Problem statement

Traceability, transparency, interactivity and efficiency are becoming increasingly important, yet challenging, in today’s data-rich worlds of science, engineering and biomedicine. Throughout these fields, important insights are derived from highly complex data analysis pipelines, where, through chained transformation steps, raw data is gradually transformed into simpler, more abstract and insightful forms. Understanding how a given downstream focal result depends on upstream raw data is crucial, yet often challenging. Not only are there multiple complex steps and algorithmic dependencies, but also, each of these steps often requires multiple human-specified parameters, interventions and informed choices (setting thresholds, excluding data points, cleaning artifacts, etc.). It is therefore often difficult to know how a focal downstream result or key insight depends on the raw data sources and on any of the multiple manual interventions and decisions made throughout the pipeline. Conversely, it is typically almost impossible to trace which downstream result is affected when the user changes an upstream parameter and which specific parts of the analysis must be recalculated upon any such changes. Parameters are often buried in the code and re-specification of parameters is slow, undocumented and non-interactive.

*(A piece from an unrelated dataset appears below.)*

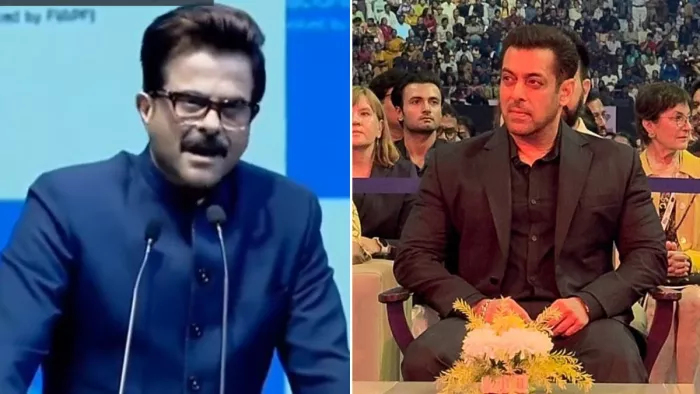 सलमान खान को लेकर अनिल कपूर ने कही बड़ी बात (Photo Credit- Salman Khan Anil Kapoor- Twitter)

Conceptual view of data analysis pipelines: Raw data (left) is gradually cleaned and transformed as it is processed through multiple analysis steps, ultimately leading to key results and insights (right). These analysis steps often require choices and specifications of key critical parameters (green boxes). While the data flow downstream (left to right), the data analyst must have tools to transverse the pipeline upstream (red arrow), questioning how a given downstream result or insight depends on the raw data and the many parameter choices throughout the analysis pipeline. Changing and refining an upstream parameter may affect one (or more) of the data items, which requires recalculating specific downstream steps of the pipeline (red left-to-right arrows). In “diverged” analysis steps, where data items are processed independently, only the affected items must be recalculated (red frames), and in “converged” steps, the entire calculation needs to be repeated. Strong analysis pipelines must facilitate making such changes, repeating only the required re-calculations, and allowing interactive viewing of their effect on downstream results (changing bars). Through such an interactive process of parameter specifications, we ultimately refine the insights we gain from our analysis.

Quibbler: interactive, traceable, transparent, and efficient data analysis pipelines

Addressing the above challenges, Quibbler offers a data analysis toolset built on three key principles:

1. Forward and backward traceability. In Quibbler, every piece of data maintains upstream connectivity all the way to the raw data. Quibbler thereby allows both forward and backward dependency-tracing through the analysis pipeline.

2. Interactive, transparent, and well-documented human interventions. Realizing that data analysis pipelines are rarely fully automated, Quibbler facilitates and embraces human interventions as an inherent part of the analysis pipeline. Users can readily change any external input parameters as well as override any default functional behavior. Whether made through the command line, the code, input files, or by interacting with “live” graphics, all such interventions are automatically documented in transparent human-machine read-write files. Quibbler thereby maintains complete documentation of all the steps, decisions and parameters that led to any key observation, making the results of the analysis pipeline transparent, understandable and reproducible.

3. Computation efficiency. In Quibbler, intermediate calculations are cached in memory and when an upstream parameter changes, only the specific cached calculations that depend on this parameter are invalidated. Quibbler thereby avoids re-running of computation-intensive functions and makes sure only the very necessary steps of the analysis and only the specifically affected data items are re-calculated upon any upstream parameter changes.